Abstract

7561 Background: Two anti-CD19 chimeric antigen receptor T-cell therapies are approved for large B-cell lymphoma (DLBCL): axicabtagene ciloleucel (axi-cel) and tisagenlecleucel. Each costs $373,000 (wholesale acquisition). We evaluated each therapy’s cost-effectiveness. Methods: A decision analytic Markov model evaluated axi-cel and tisagenlecleucel in multiply relapsed/refractory adult DLBCL from a US health-payer perspective over a lifetime horizon. The model was informed by recent multi-center, single-arm clinical trials. Under a range of plausible long-term effectiveness assumptions, axi-cel and tisagenlecleucel were each compared with salvage chemoimmunotherapy regimens and stem-cell transplantation. Main outcomes were un-discounted life-years, discounted lifetime costs, discounted quality-adjusted life-years (QALYs), and incremental cost-effectiveness ratio (3% discount rate). Sensitivity analyses explored uncertainty. Results: In an optimistic scenario, assuming 40% five-year progression-free survival (PFS), axi-cel increased life-expectancy by 8.15 years at $129,000/QALY (95% UI: $90,000-215,000/QALY) gained. At 30% five-year PFS, improvements in life-expectancy were more modest (6.4 years) and expensive ($159,000/QALY [$107,000-281,000/QALY] gained). In an optimistic scenario, assuming 35% five-year PFS, tisagenlecleucel increased life-expectancy by 4.6 years at $168,000/QALY ($104,000-453,000/QALY) gained.
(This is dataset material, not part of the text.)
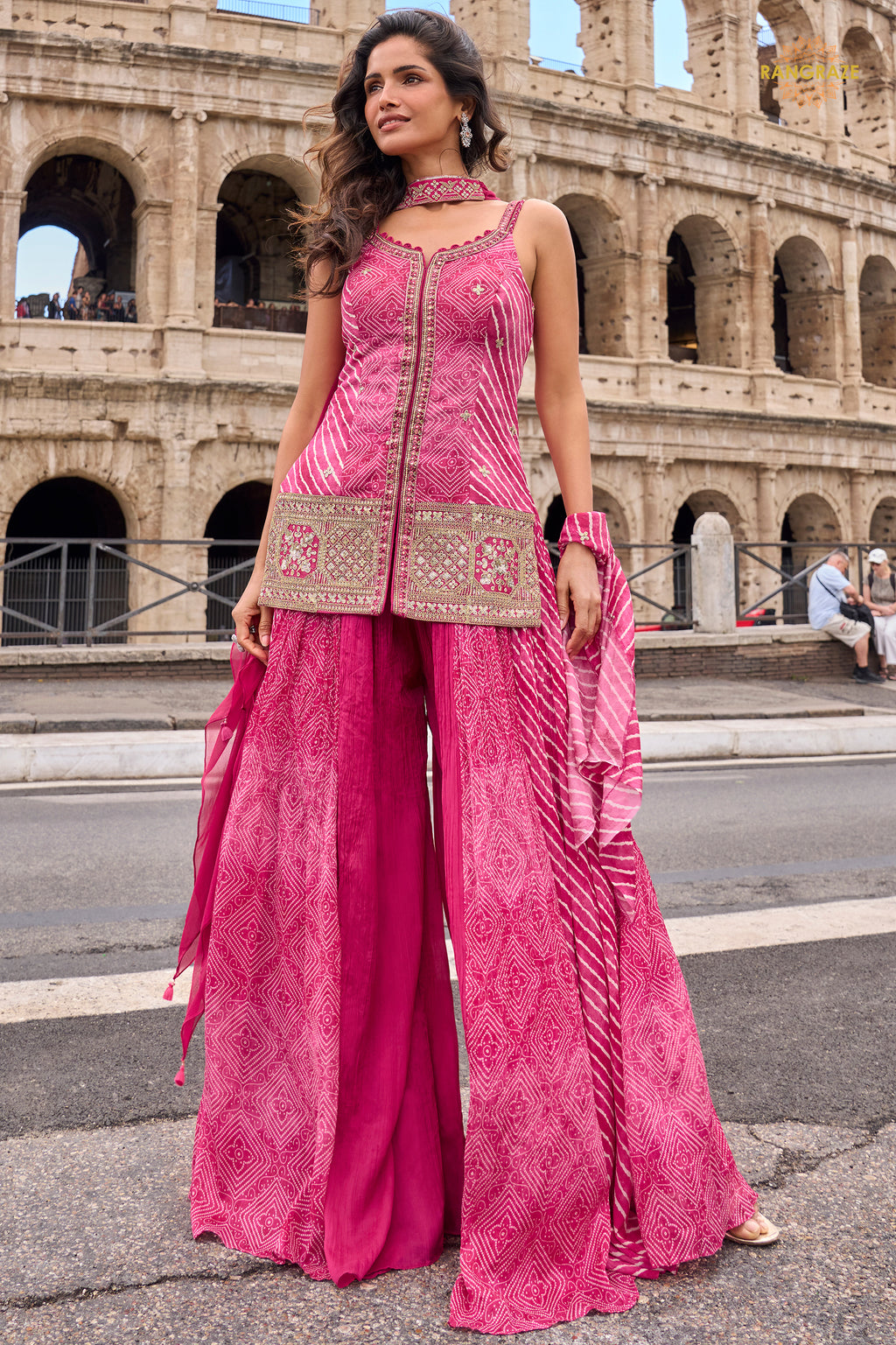 Pink Stitched Embroidered Simar Palazzo Suit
At 25% five-year PFS, improvements in life-expectancies were more modest (3.4 years) and expensive ($224,000/QALY [$124,000-1,190,000/QALY] gained). Administering CAR-T to all indicated patients would increase US healthcare costs by $10 billion over 5 years. Price reductions to $250,000 or payment only for initial CR or 90-day CR/PR (at current prices) would allow both therapies to cost < $150,000/QALY down to 25% PFS. Conclusions: At current prices, it is possible that each CAR-T therapy may meet a < $150,000/QALY threshold; this is dependent on long-term benefit compared with chemoimmunotherapy and SCT, which is uncertain. Widespread adoption would increase non-Hodgkin lymphoma healthcare costs substantially. Price reductions or payment for initial CR or 90-day CR/PR would favorably influence cost-effectiveness even if long-term outcomes are modest.